Occupancy, average daily room rates and revenue per available room fell drastically last week, according to new figures from the hospitality research firm STR.
“Through comparative analysis of the occupancy trends in China and Italy over the past weeks, we can with certainty say that we are not yet close to the bottom in the U.S.,” STR senior vice president Jan Freitag said.
In New York City, occupancy was nearly halved from the week earlier to a rate of about 49 percent, according to STR. Some hotel owners have said occupancy in their properties is as low as 15 percent.

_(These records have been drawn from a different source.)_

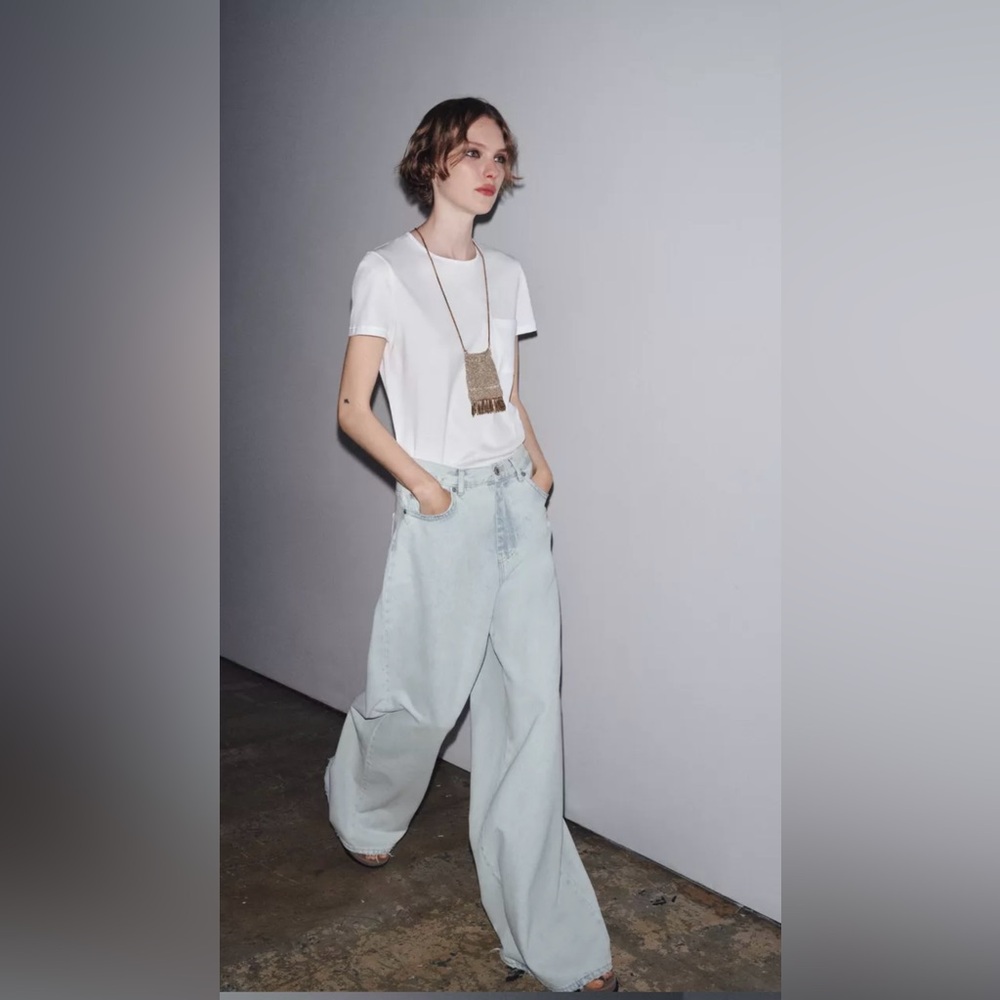 Zara High Waist Palazzo Fit Jeans in Light Blue Size 12. NWT - Picture 2 of 14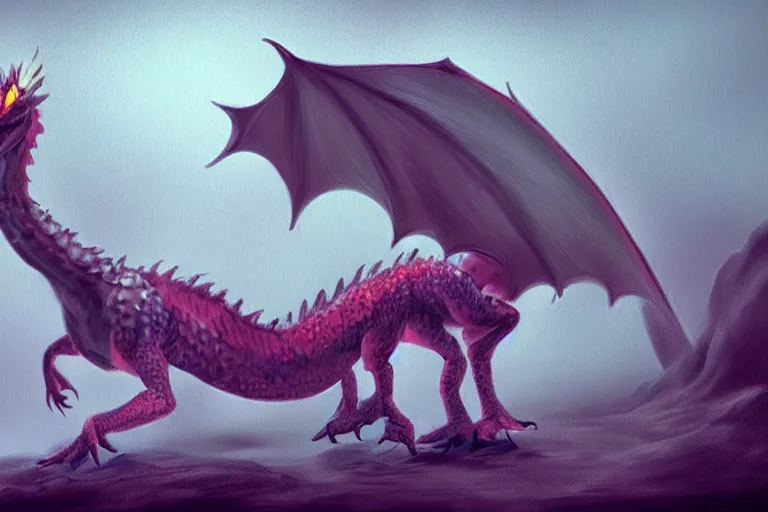 full body digital illustration of a baby dragon with, Stable Diffusion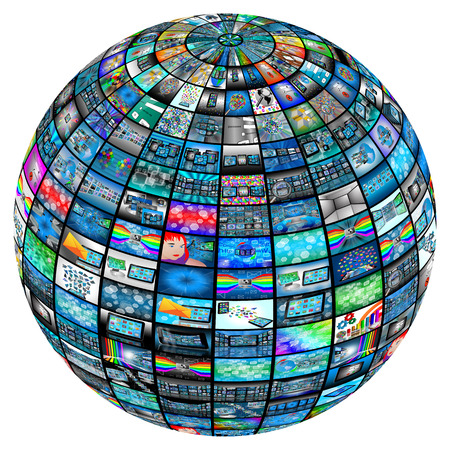 3D sphere made up of many different images on the theme of high technology.の写真素材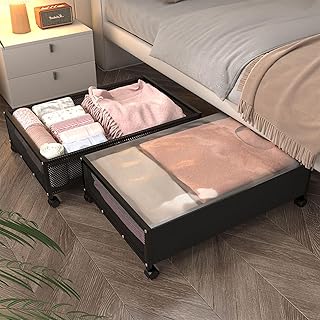 2 Stück Unterbett Aufbewahrungsbox, Unterbettkommode Mit Rollen, Bettkasten Mit Rollen, Metallrahmen Bettkasten Organizer Aufbewahrungstasche für Kleidung, Schuhe, Decken, Bettwäsche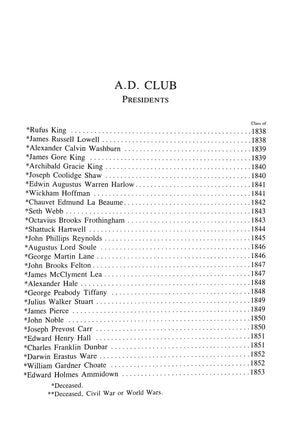 "The AD Club Of Harvard University 1836-1988" (SOLD)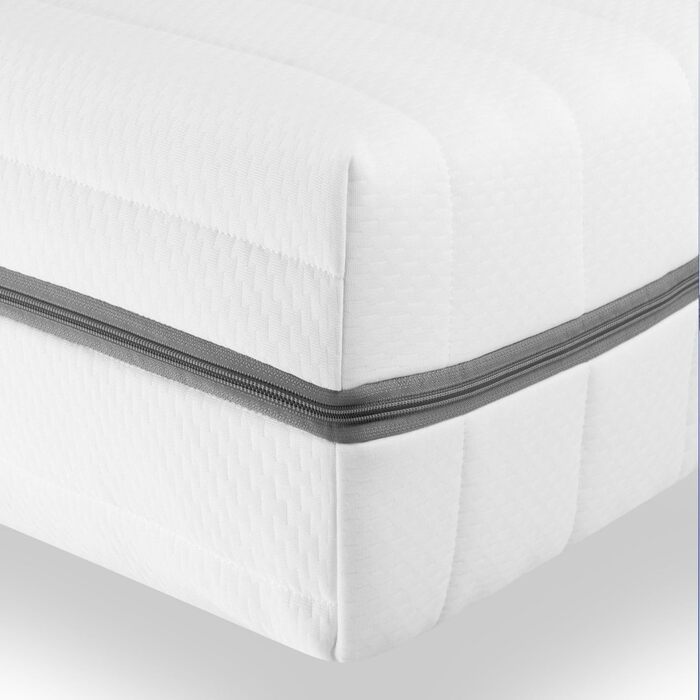 Матрац 140x200 см - Висота 18 см - Два рівні жорсткості H3 та H4 - Ортопедичний 7-зонний матрац з холодної піни, точково-еластичний та повітропроникний - М&39який чохол із 4-сторонньою блискавкою H3 та H4 140 x 200 см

Revenue per available room in New York fell by nearly 55 percent to just about $88 per room.
Several hotels in New York are closing down as reservations have disappeared. The 1,878-room Hilton hotel in Midtown, one of the largest in the city, is closing later this week.
The New York Hotel Trades Council said roughly half of its 40,000 members have been laid off.
“This is a very dark moment not just for the hotel industry,” the union’s president, Peter Ward, told the New York Times. “It’s a dark moment for the retail industry, for the restaurant and bar business, for Broadway.”
In Los Angeles, STR figures show occupancy dropped more than a third to a rate of about 58 percent and revenue per available room dropped about 40 percent to nearly $93 per room.
Miami saw a one-quarter decline in occupancy to almost 66 percent and a 33 percent drop in revenue per available room to nearly $145 per room.
And Chicago saw occupancy drop more than a third to almost 44 percent, while revenue per available room fell 43 percent to nearly $48 per available room.
Executives from the country’s largest hotel companies went to Washington, D.C., on Tuesday seeking a $150 billion bailout package.